Source material: Begin
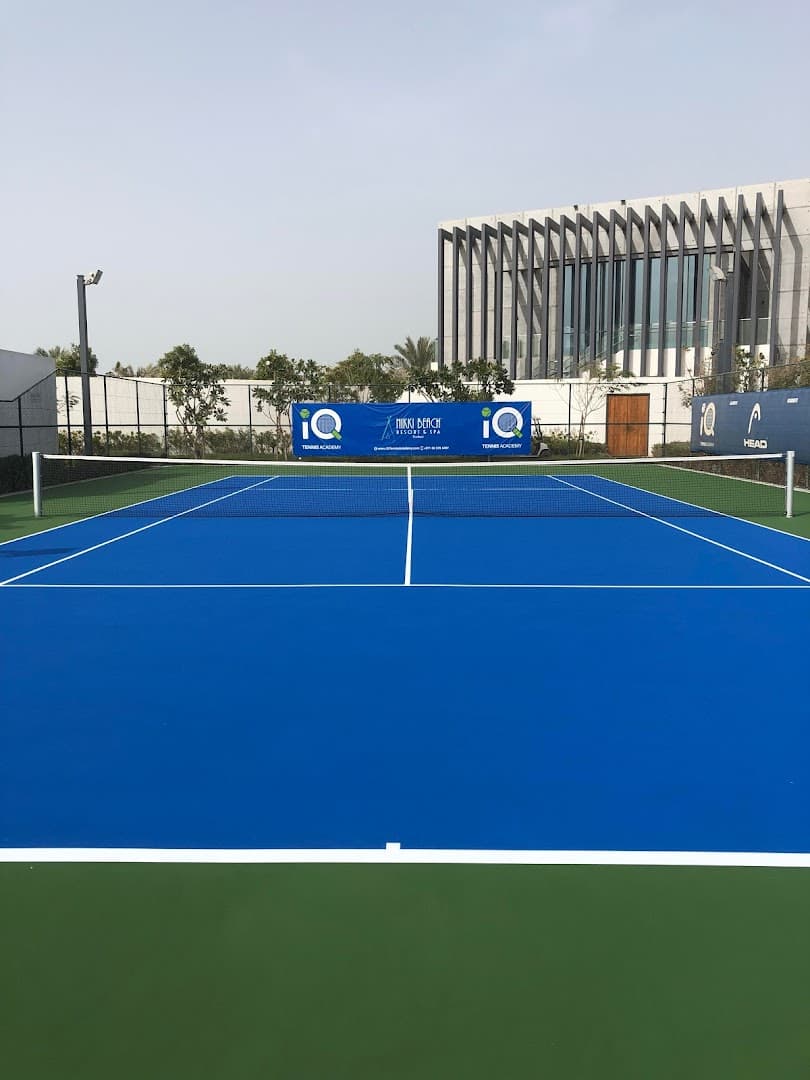 iQ Tennis Academy Nikki Beach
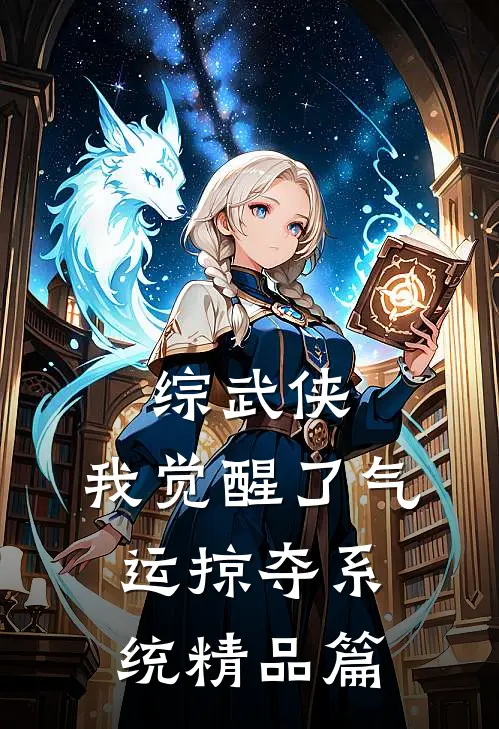 综武侠：我觉醒了气运掠夺系统精品篇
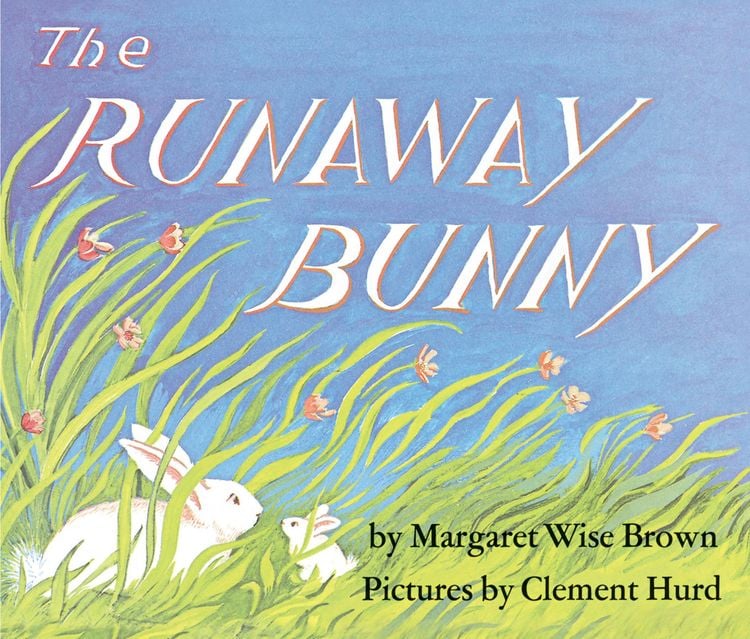 Produktbild: The Runaway Bunny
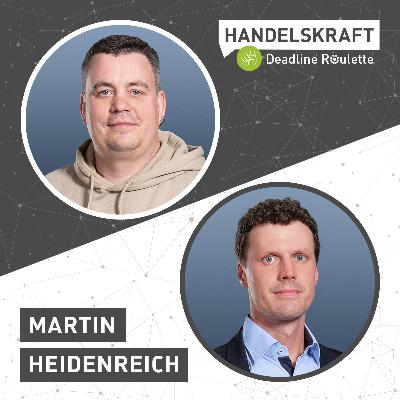 Deadline Roulette #04: Adobe Commerce News | Wie geht es weiter mit On-Premises? Mit Martin Heidenreich.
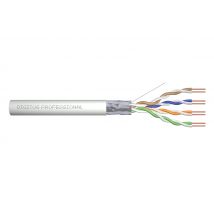 Digitus Câble d'installation à paire torsadée CAT 5e F-UTP
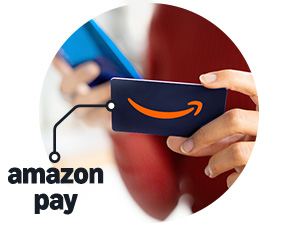 Amazon Payでも使えるから用途が幅広い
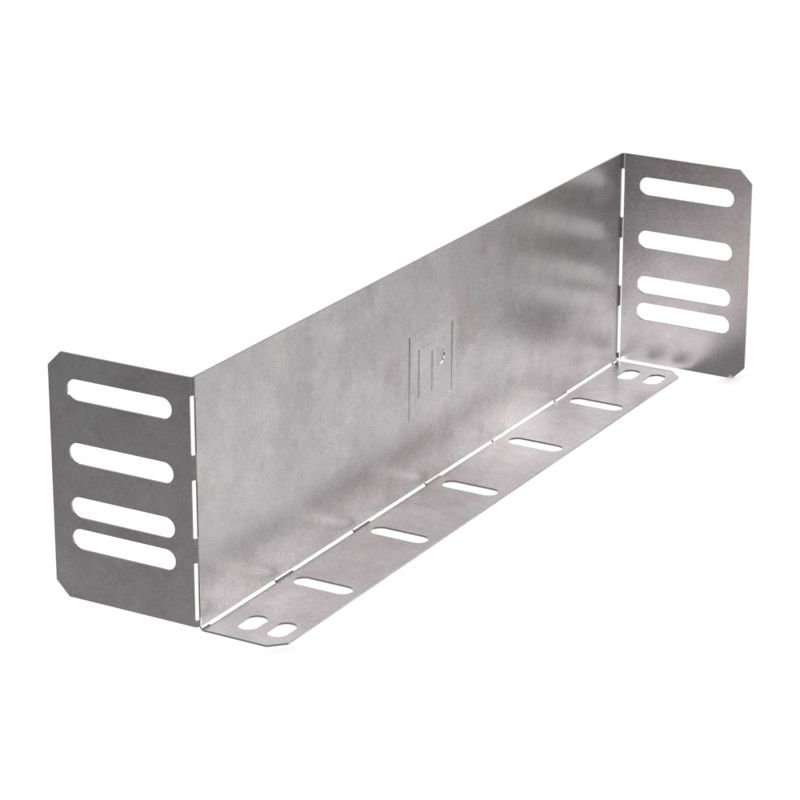 Переходник упрощенный горизонт. на 300мм Н100 0.7мм Промрукав PR16.1062 от BTSprom.by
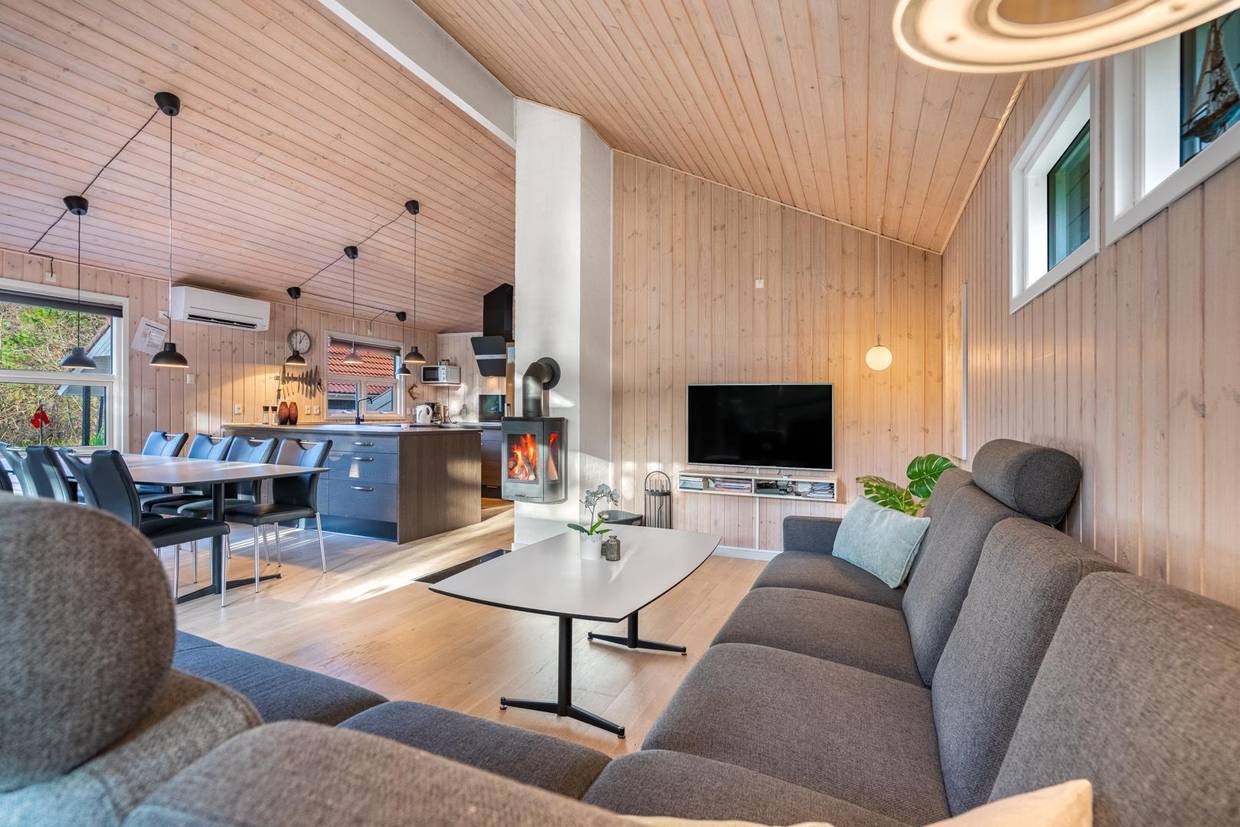 Foto von Ferienhaus BL67 in Houstrup - Westjütland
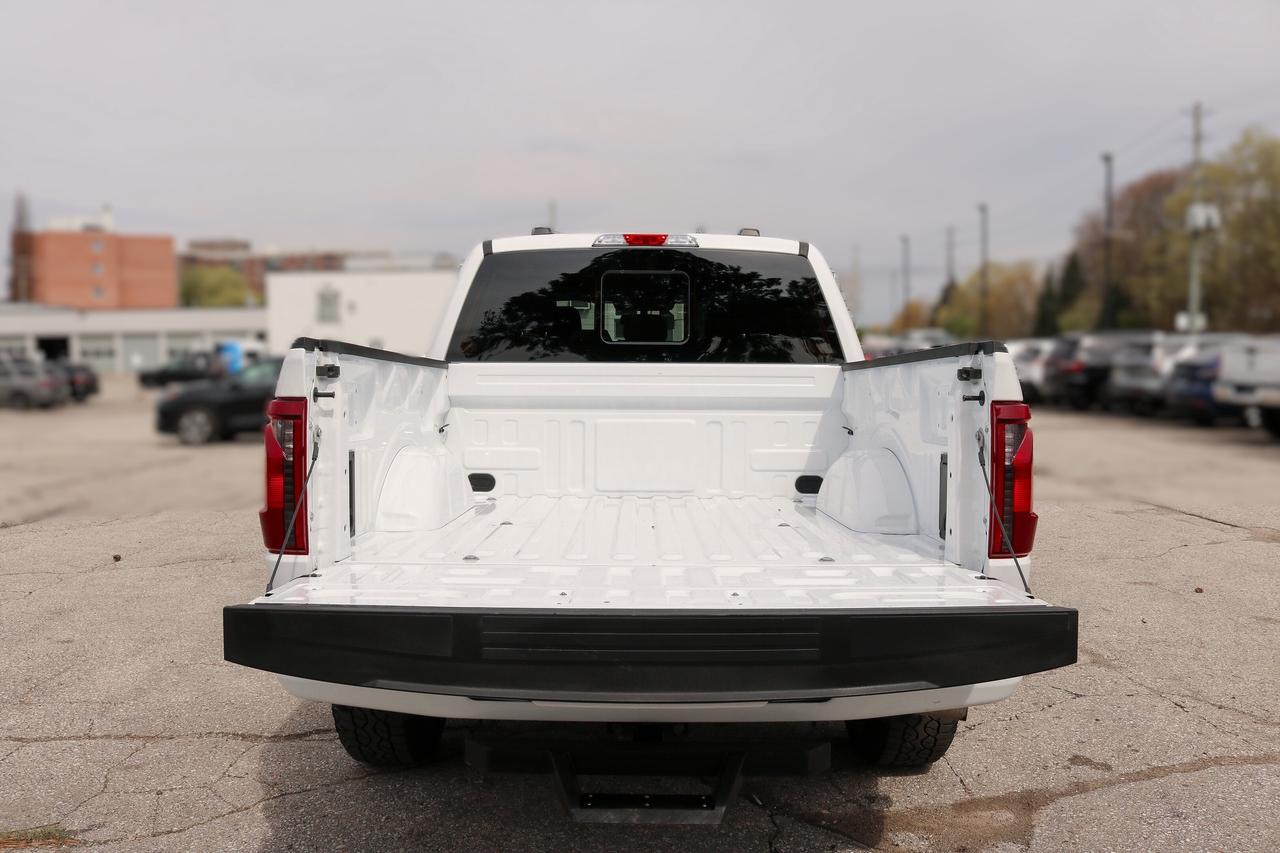 2025 Ford F-150 XLT 4WD SuperCrew 5.5' Box | NAVIGATION | Photo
Source material: End
Output, exactly and without pictures, the span of lines that starts at the line containing "综武侠：我觉醒了气运掠夺系统精品篇" and ends at the last line above.

Result of this task
 综武侠：我觉醒了气运掠夺系统精品篇
 Produktbild: The Runaway Bunny
 Deadline Roulette #04: Adobe Commerce News | Wie geht es weiter mit On-Premises? Mit Martin Heidenreich.
 Digitus Câble d'installation à paire torsadée CAT 5e F-UTP
 Amazon Payでも使えるから用途が幅広い
 Переходник упрощенный горизонт. на 300мм Н100 0.7мм Промрукав PR16.1062 от BTSprom.by
 Foto von Ferienhaus BL67 in Houstrup - Westjütland
 2025 Ford F-150 XLT 4WD SuperCrew 5.5' Box | NAVIGATION | Photo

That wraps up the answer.